Saturday, February 2, 2013

Possible Nova in Cepheus

Following the posting on the Central Bureau's Transient Object Confirmation Page about a possible Nova in Cep (TOCP Designation: PNV J23080471+6046521) we performed some follow-up of this object remotely through the 0.43-m f/6.8 reflector + CCD of ITelescope network (MPC Code  I89 - Nerpio, Spain). 

On our images taken on February 02.8, 2013 we can confirm the presence of an optical counterpart with unfiltered CCD magnitude 9.8 at coordinates:

R.A. = 23 08 04.70, Decl.= +60 46 52.0

(equinox 2000.0; USNO-B1.0 catalogue reference stars).

Our annotated confirmation image (click on it for a bigger version):


An animation showing a comparison between our confirmation image and the archive POSS2/UKSTU plate (R Filter - 1991). Click on the thumbnail for a bigger version:


Kazuyoshi Imamura (Okayama Univ. of Sci. team, JAPAN) reports on vsnet-alert mailing list that they "succeeded in obtaining a low-resolution spectrum (R~400) of the PNV J23080471+6046521 (in Cep) on February 2.526 UT at the OUS (Okayama Univ. of Sci.) observatory......From our result, this object is thought to be a classical nova (Fe II class)"

Credit: K. Imamura (Okayama Univ. of Sci. team, JAPAN)

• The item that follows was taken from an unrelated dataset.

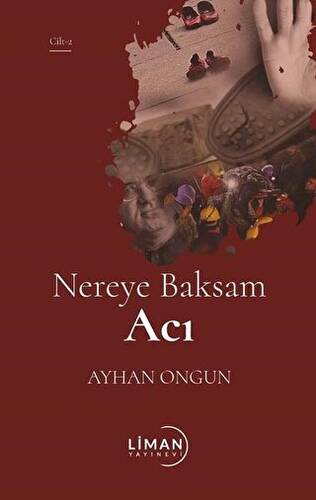 Nereye Baksam Acı 2. Cilt - 1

UPDATE - February 03, 2013

According to Cbet No. 3397, PNV J23080471+6046521 is now NOVA CEPHEI 2013. This nova has been discovered by Koichi Nishiyama and Fujio Kabashima (Japan) on two 40-s unfiltered CCD frames (limiting magnitude 13.5) taken around Feb. 2.4119 UT using a 105-mm f/4 camera lens (+ SBIG STL6303E camera). Spectra confirming the nature of the nova have been obtained by K. Imamura (see above) and M. Fujii (Bisei Astronomical Observatory).

Ernesto Guido & Nick Howes

1 comment:

Joseph Chklovski said...

It's such an interesting astronomy news. The animated images are very wonderful.